RAW DATA |
════════════════

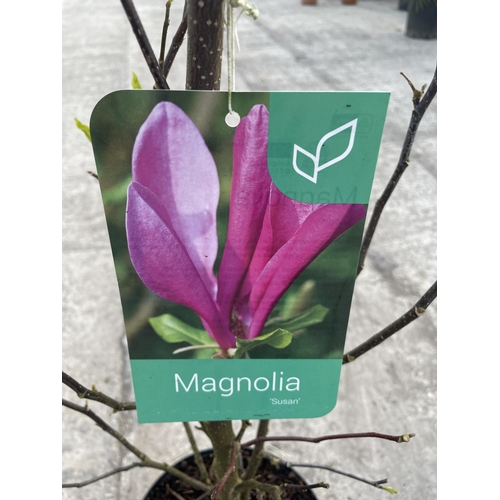 11 - TWO MAGNOLIA 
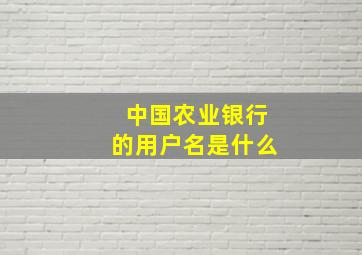 中国农业银行的用户名是什么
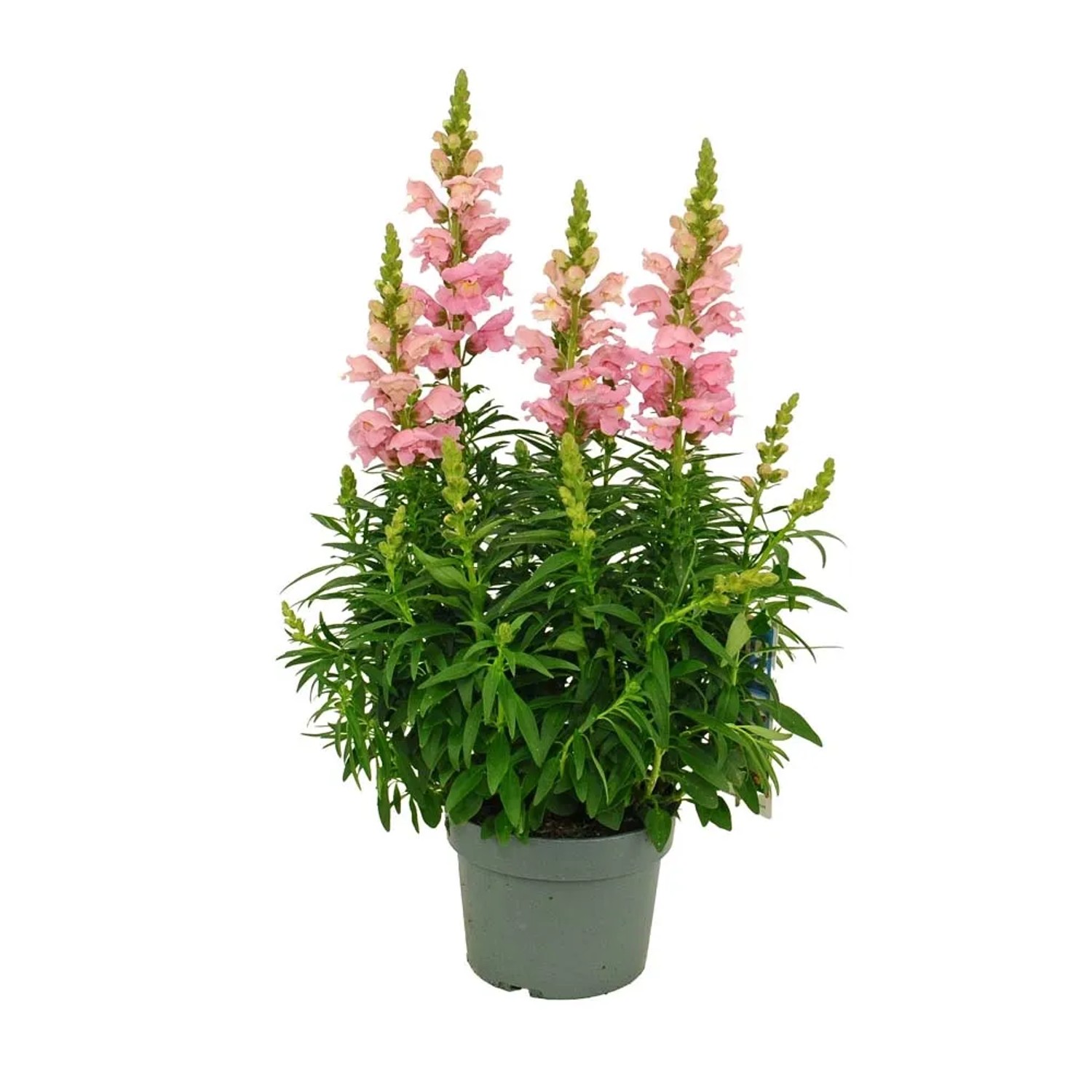 Lwia paszcza (Antirrhinum majus Sonnet) don. 19 cm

════════════════

REQUIRED ACTION |
Please write out exactly the lines from the one holding "中国农业银行的用户名是什么" through the last line of the material above, both included, as a copy without pictures.

SOLVED EXERCISE |
 中国农业银行的用户名是什么
 Lwia paszcza (Antirrhinum majus Sonnet) don. 19 cm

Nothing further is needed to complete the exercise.